Source data START

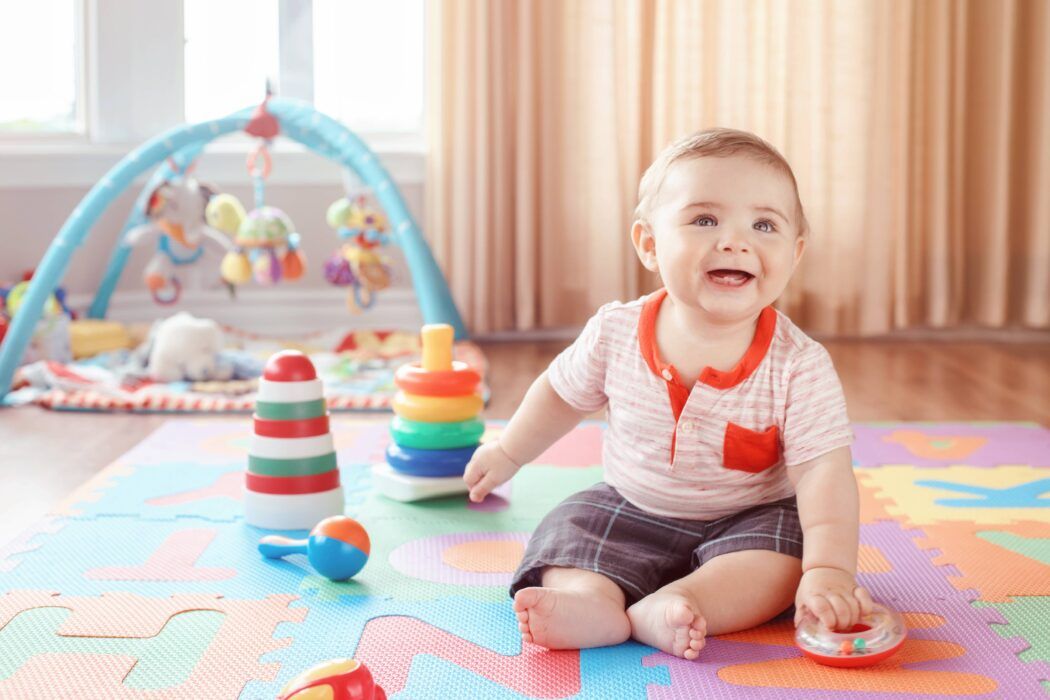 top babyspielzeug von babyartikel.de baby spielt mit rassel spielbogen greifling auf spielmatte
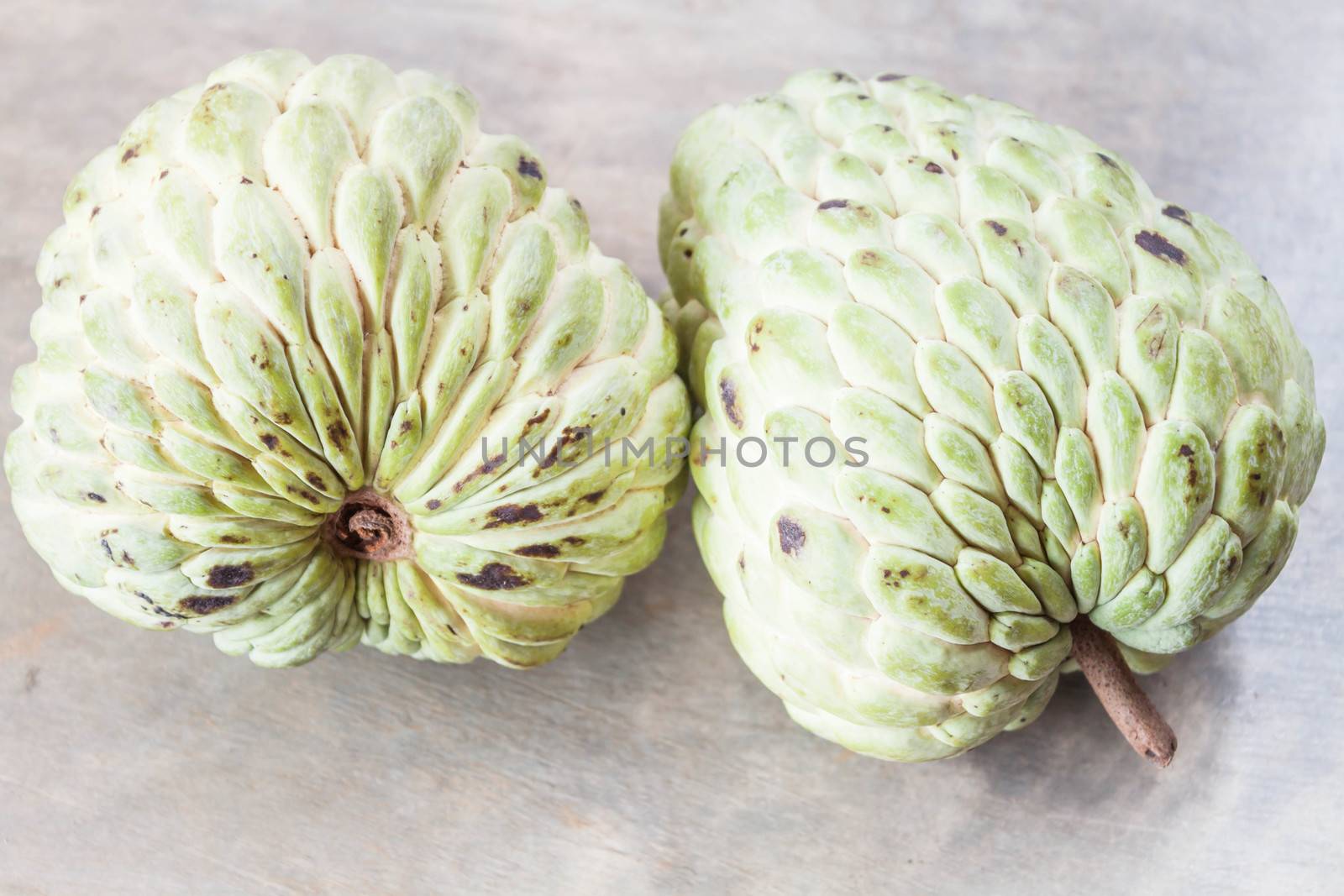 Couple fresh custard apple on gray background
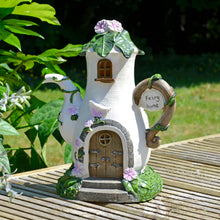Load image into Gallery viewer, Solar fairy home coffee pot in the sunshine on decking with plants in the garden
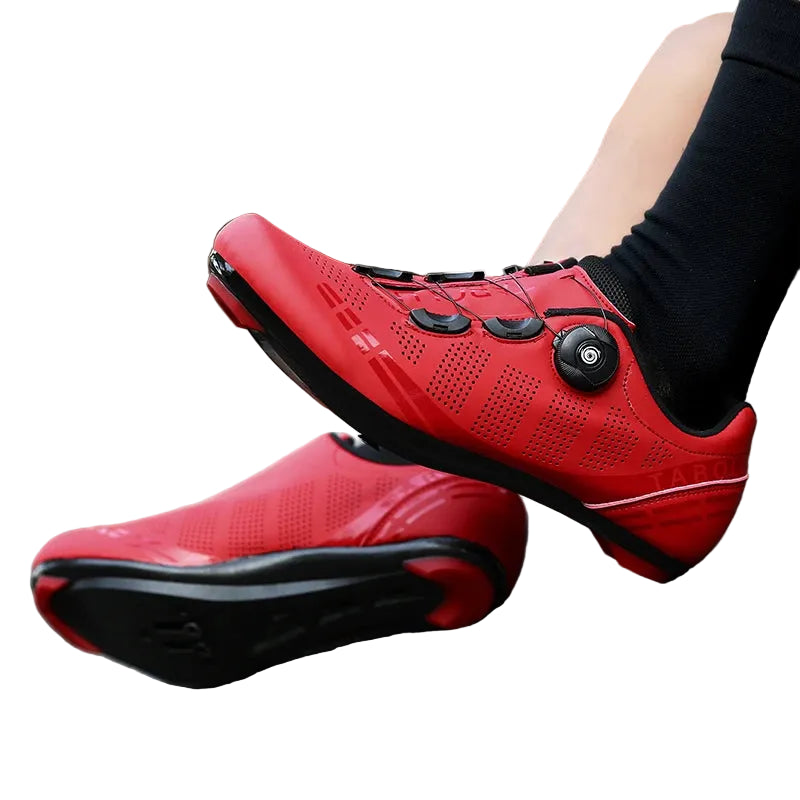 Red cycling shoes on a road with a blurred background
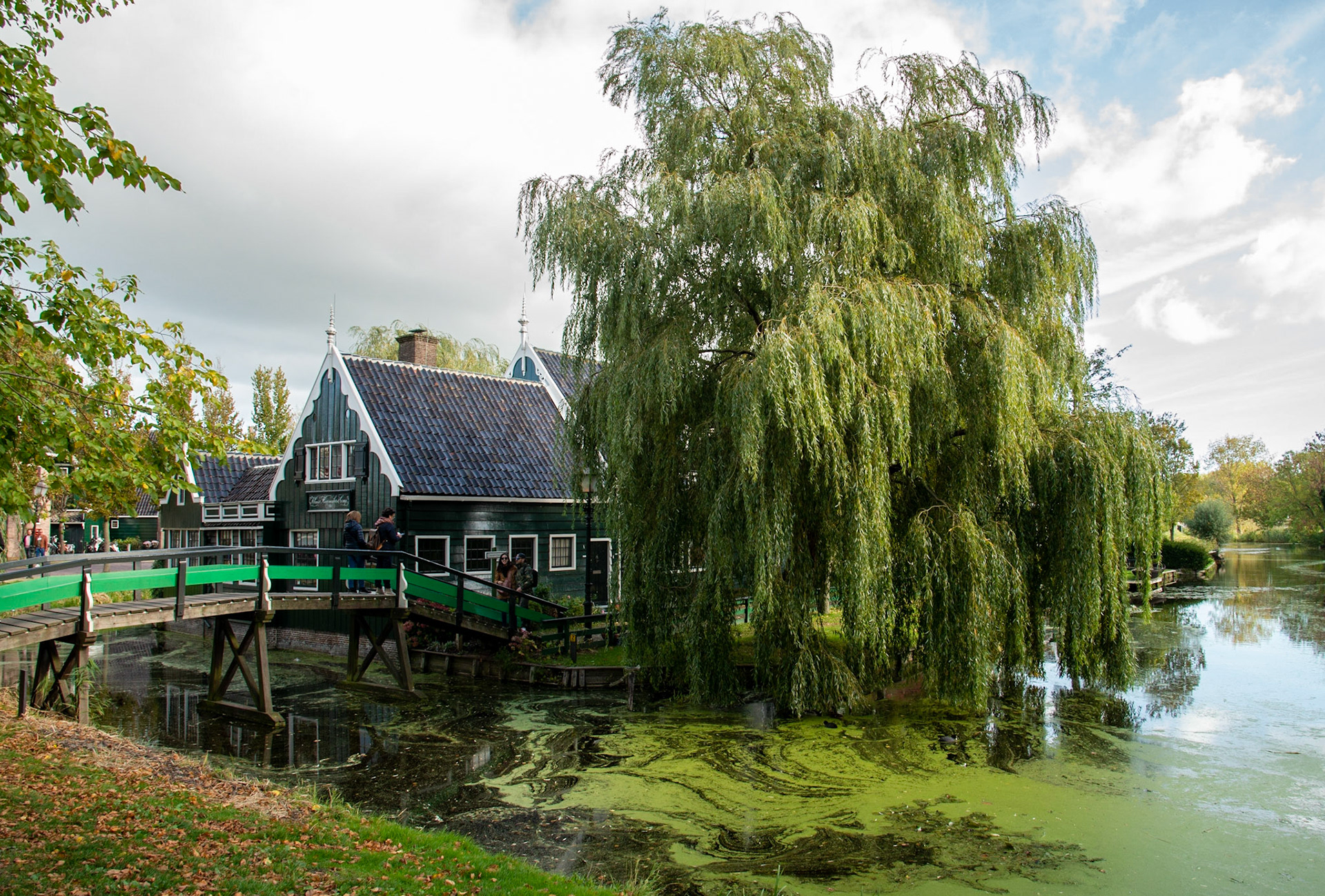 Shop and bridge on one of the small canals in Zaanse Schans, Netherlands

Source data END

◆ Problem statement
Please write every line above out exactly as given, except for any pictures.

◆ Answer to the problem
 top babyspielzeug von babyartikel.de baby spielt mit rassel spielbogen greifling auf spielmatte
 Couple fresh custard apple on gray background
Load image into Gallery viewer, Solar fairy home coffee pot in the sunshine on decking with plants in the garden
 Red cycling shoes on a road with a blurred background
 Shop and bridge on one of the small canals in Zaanse Schans, Netherlands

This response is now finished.